# What's the smallest you ride for big and tall?



## fazy (Feb 3, 2017)

I was just wondering what other big and tall people ride? I'm 6'4 around 220 and Pretty much ride small for my height and weight. I have ridden a 165 before and felt it was too big and heavy. Now my quiver is made up of 3 boards 159w 160 and 161. Honestly I felt I could have went 156 for the park? Is that too small? 

Just curious to others thoughts and opinions in general on what's too small.


----------



## robotfood99 (Mar 19, 2016)

fazy said:


> I'm 6'4 around 220... I have ridden a 165 before and felt it was too big and heavy.



Sorry, I’m not big or tall so haven’t got an answer for you, but you gotta talk to @Anais!


----------



## dfitz364 (Jan 10, 2014)

Please,

I am 250lbs, 6'3", and ride a 158 Lago DB, and before that rode a 158w Artifact Rocker like I stole it. You can ride whatever, but understand the trade offs. For the park, 156 for you could be a ball for spins, S/M jumps, jibs and butters. 

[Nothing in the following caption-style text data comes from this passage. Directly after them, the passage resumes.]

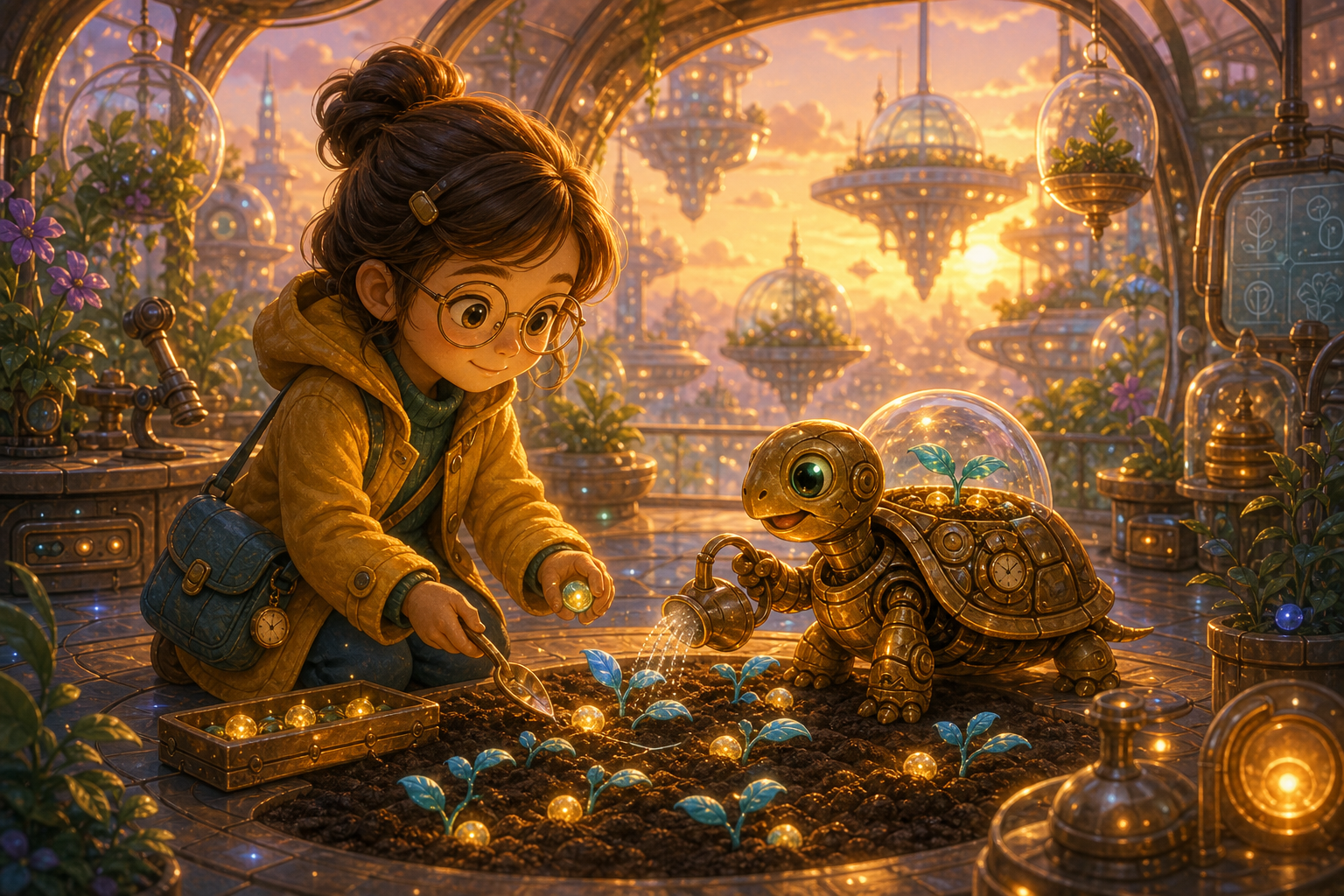 Mira and Orin the clockwork turtle plant glowing moon-melon seeds in a glass Sky Garden at sunset, tiny blue leaves opening under warm amber light; warm AmFoxy children's storybook illustration style, soft painterly texture, rounded friendly forms, cozy cinematic light, rich magical detail, no text, no watermark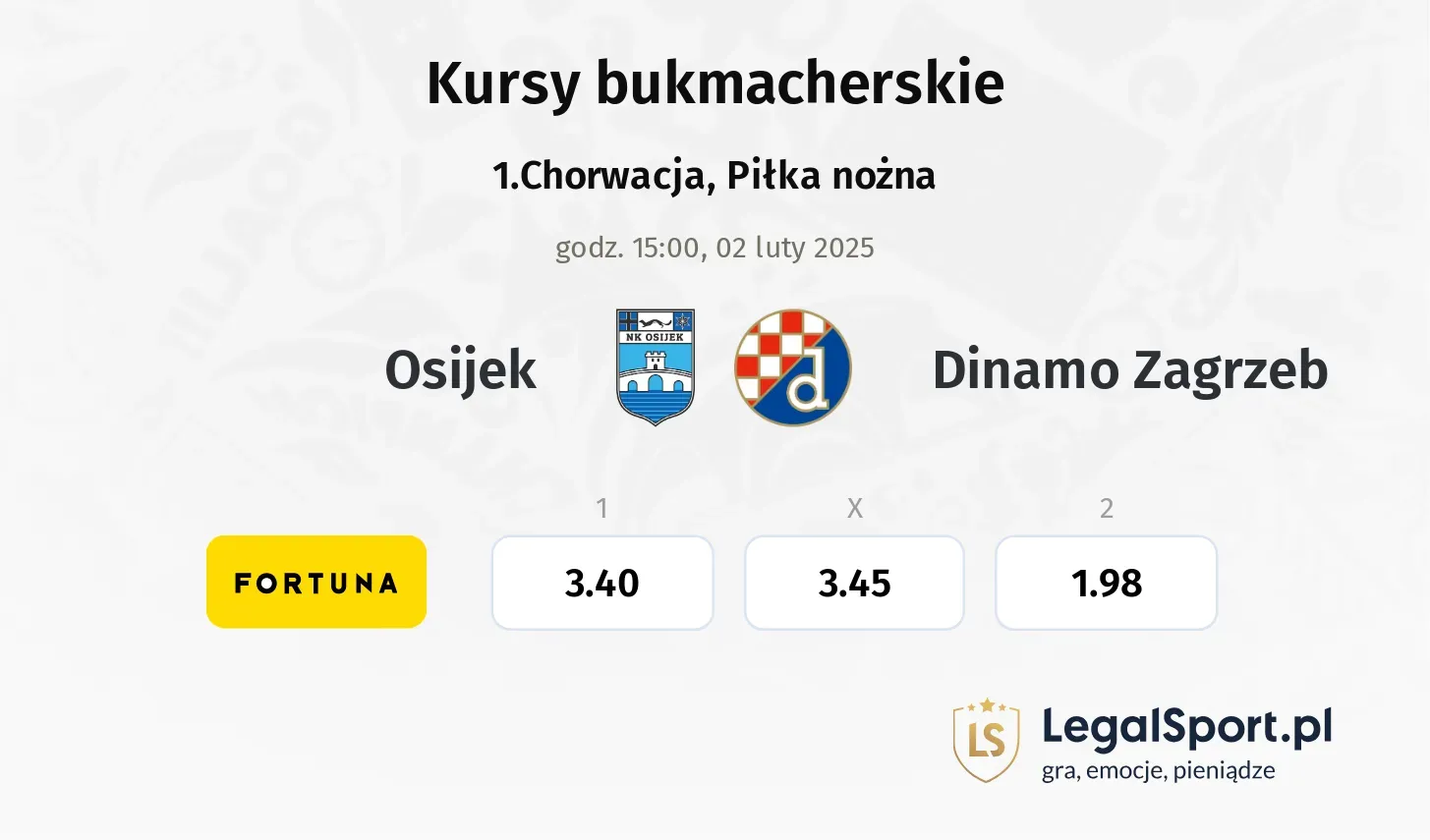 Osijek - Dinamo Zagrzeb promocje bonusy na mecz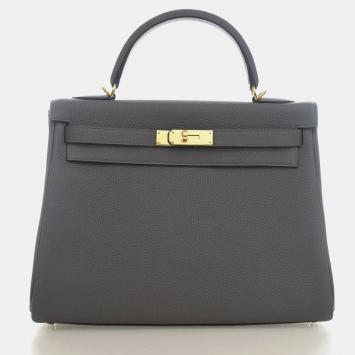 Pre Owned Hermes Kelly 32 Gris Etain Togo Calfskin Leather Top Handle Bag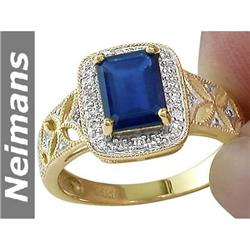 Vintage 2.00 ct Aquamarine & Diamond Pendant 14kt Gold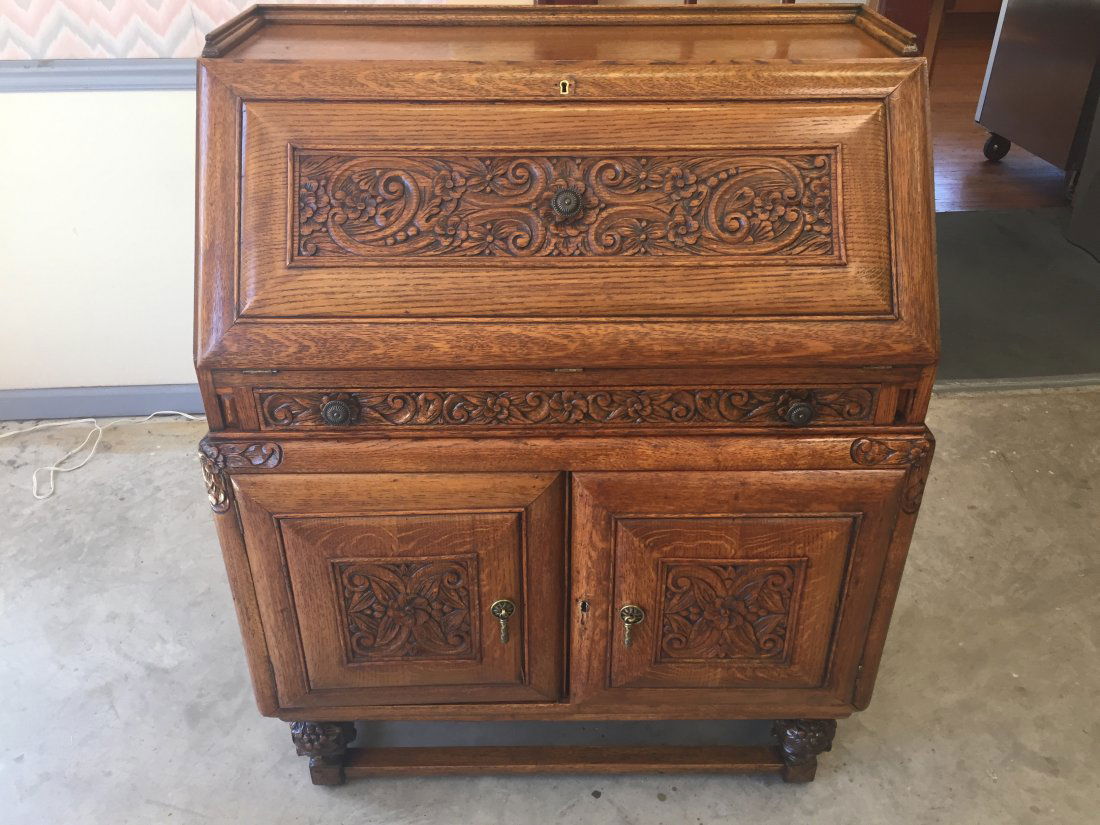 Antique Oak Slant Top Desk (1 of 10)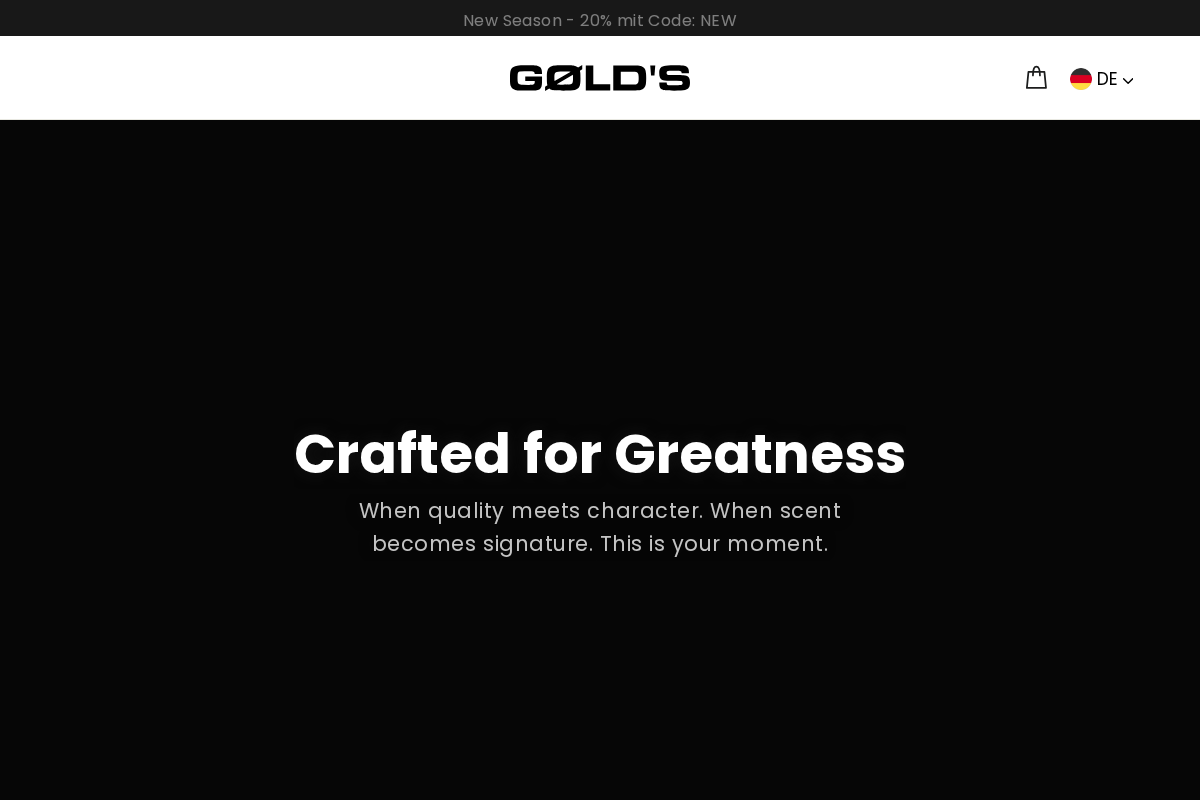 GØLD's homepage screenshot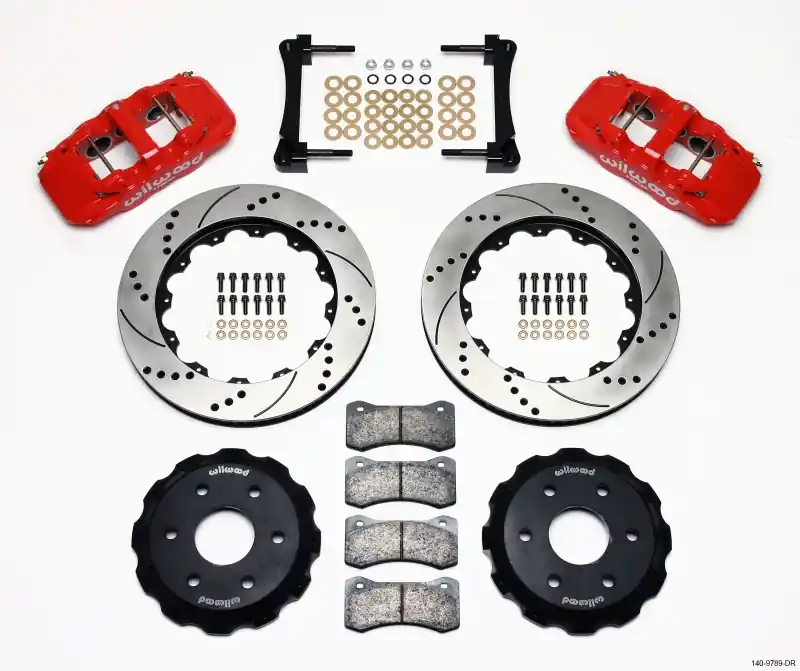 Wilwood AERO6 Front Truck Kit 14.25in Drill Red 1999-2014 GM Truck/SUV 1500 Fast Shipping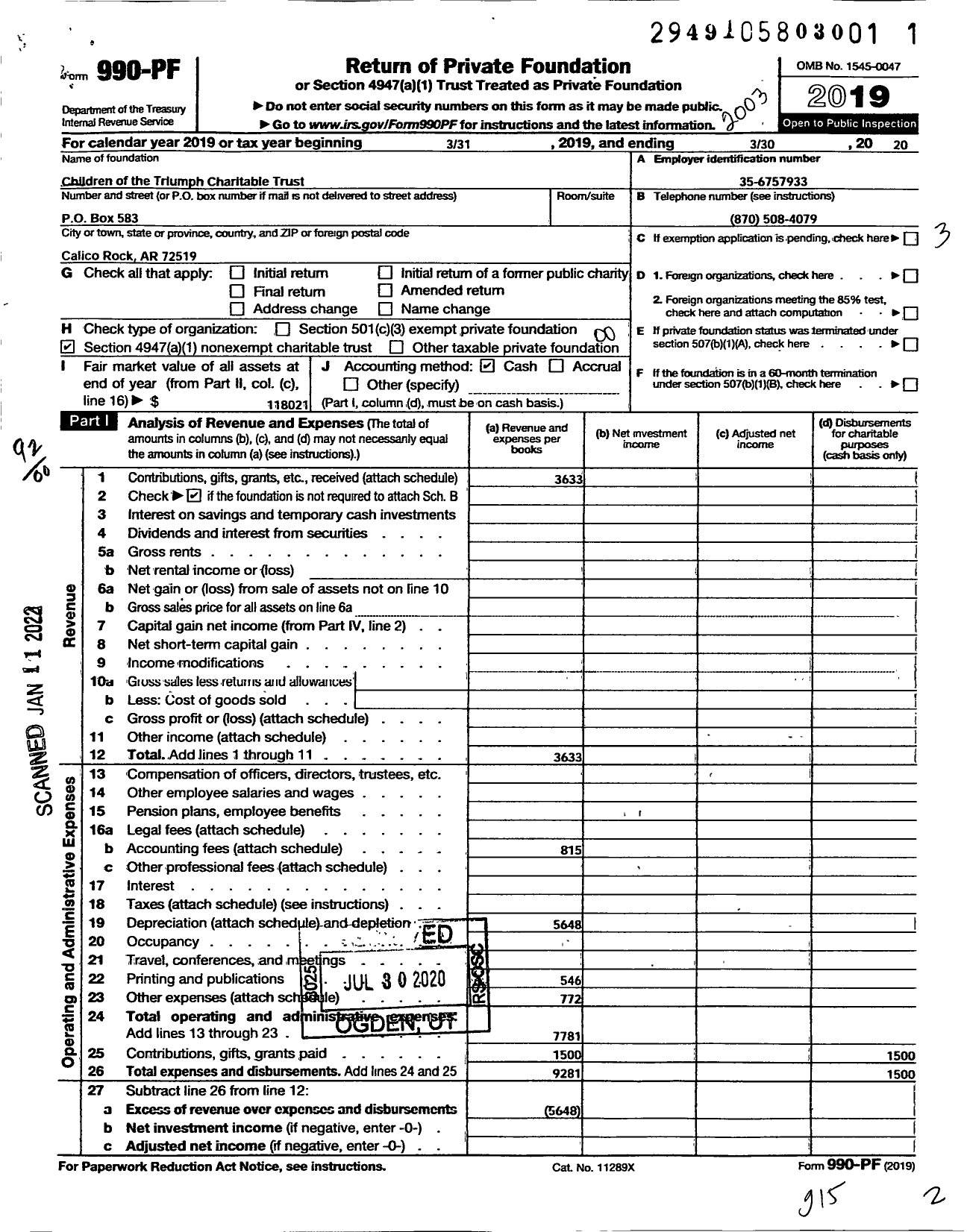 Image of first page of 2019 Form 990PF for Children of the Triumph Charitable Trust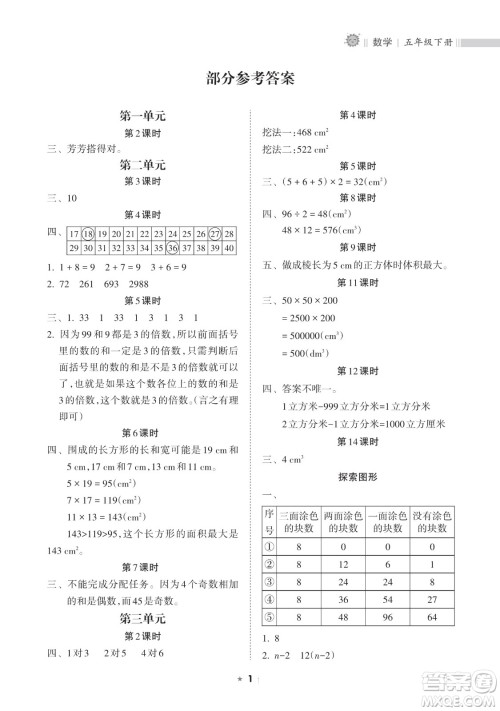 海南出版社2023新课程课堂同步练习册五年级下册数学人教版参考答案
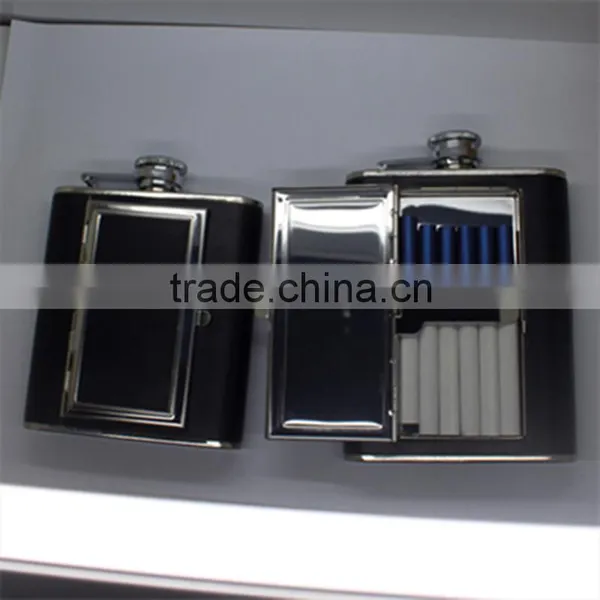 High Quality Stainless Steel 6oz Flagon Hip Flask With Cigarette Case photo-6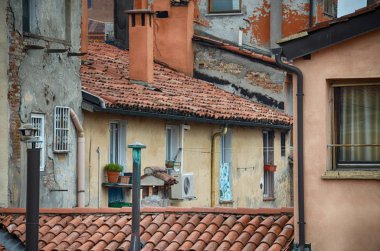 Bologna, İtalya - Ekim: kentsel mimari şehir merkezi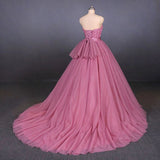 Princess Ball Gown Strapless Wedding Dress with Lace Quinceanera Dress W1136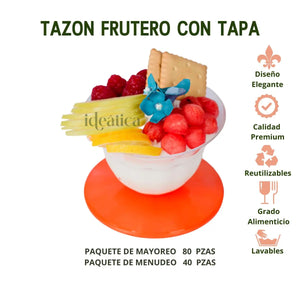 Tazon Frutero con Base-Tapa Naranja Re-utilizable Candy Bar Catering 12.5 Oz IA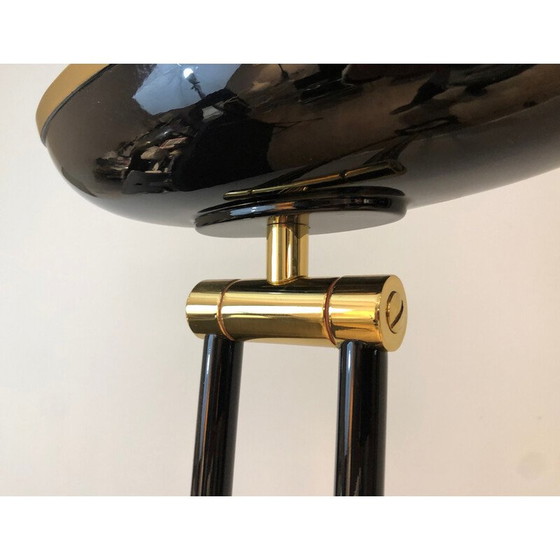 Image 1 of Vintage vloerlamp van zwart gelakt metaal en messing, 1970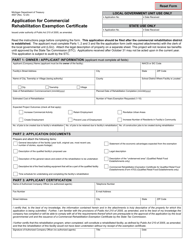 Document preview: Form 4507 Application for Commercial Rehabilitation Exemption Certificate - Michigan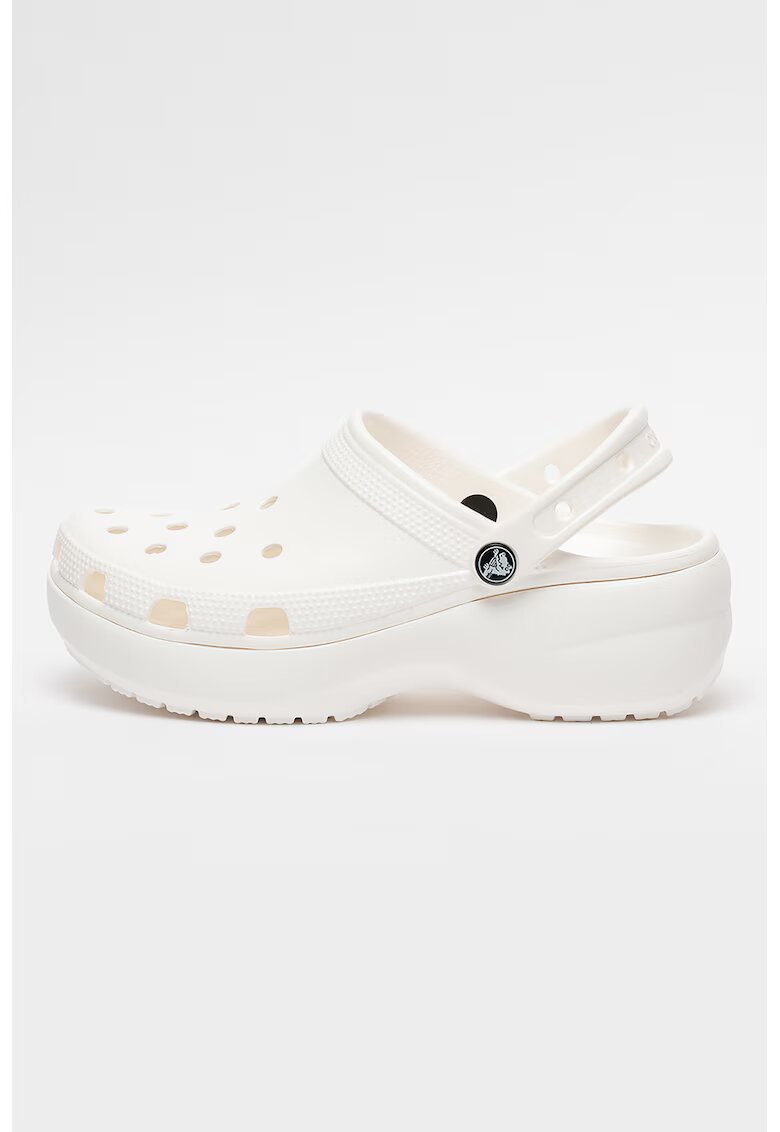 Crocs Saboti roomy fit cu aspect perforat si platforma Classic - Alb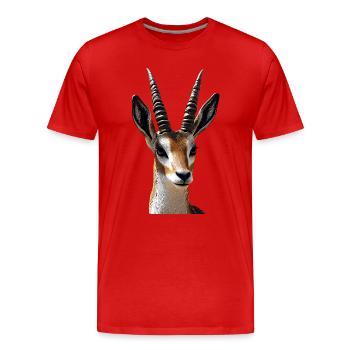 Antilope, Koudou, Gazelle, Afrique, Serengeti, Antilope - T-shirt bio Premium Homme - rouge - Devant - Damien (186cm)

Thinking of tossing off of a 40 foot booter? Good luck. 

Land wrong off a rail? Hope you don't care the board tail snaps. 

It's all about trade offs. I like riding small, but realize when I want to bomb, I am going to feel uneasy and unstable. I have broken 2 boards in as many years from sheerly the board being too small. I understand the consequences and still rock small boards. Biggest board I have ridden in the past 10 years is a 159 Insta/Gator. That's supposed to ride 5-10cm smaller, but still was a 159. Also have a 156 old Capita Stairmaster that I still will ride on occasion at my local hill.

IMO, rip whatever is fun for you!

:2cents:


----------



## Rip154 (Sep 23, 2017)

Consider how much board is left after your stance width. If it's a couple inches of noodles in each end it won't be fun, but a stiffer board with stance around ref, you should be fine even on a 150.


----------



## Toby (Mar 8, 2017)

I'm 6'7 ~200 lbs and ride a 164W (although height isn't a factor in boardlenght)- can't really go shorter since then most boards are to narrow, cause I got big feet. I could go for a short fat one, but I like my Explorer as a one-board.quiver.


----------



## taco tuesday (Jul 26, 2014)

200lbs, my shortest board is a 158 Burton Cloudsplitter. Longest is a 171 Fullbag Hammerhead. The boards I've been riding the most this year are a 162w Jones Flagship and 165 Gnu Billy Goat. Could go smaller but I like to ride fast and like my edge to hold when pushed hard through a turn.


----------



## CRW (Oct 29, 2014)

6'5, 240, 12 boots. I ride a 162 Whiteout everywhere in the resort except the park, because I don't know how yet.
I started on a 165W, and ponder how it might suit backcountry if I still owned it.


----------



## fazy (Feb 3, 2017)

dfitz364 said:


> Please,
> 
> I am 250lbs, 6'3", and ride a 158 Lago DB, and before that rode a 158w Artifact Rocker like I stole it. You can ride whatever, but understand the trade offs. For the park, 156 for you could be a ball for spins, S/M jumps, jibs and butters.
> 
> ...


Thanks for the input, im still not at the 40 footer level yet so lucky don't have to worry about that yet but totally understand that. When you snapped the tails were they really hard landings?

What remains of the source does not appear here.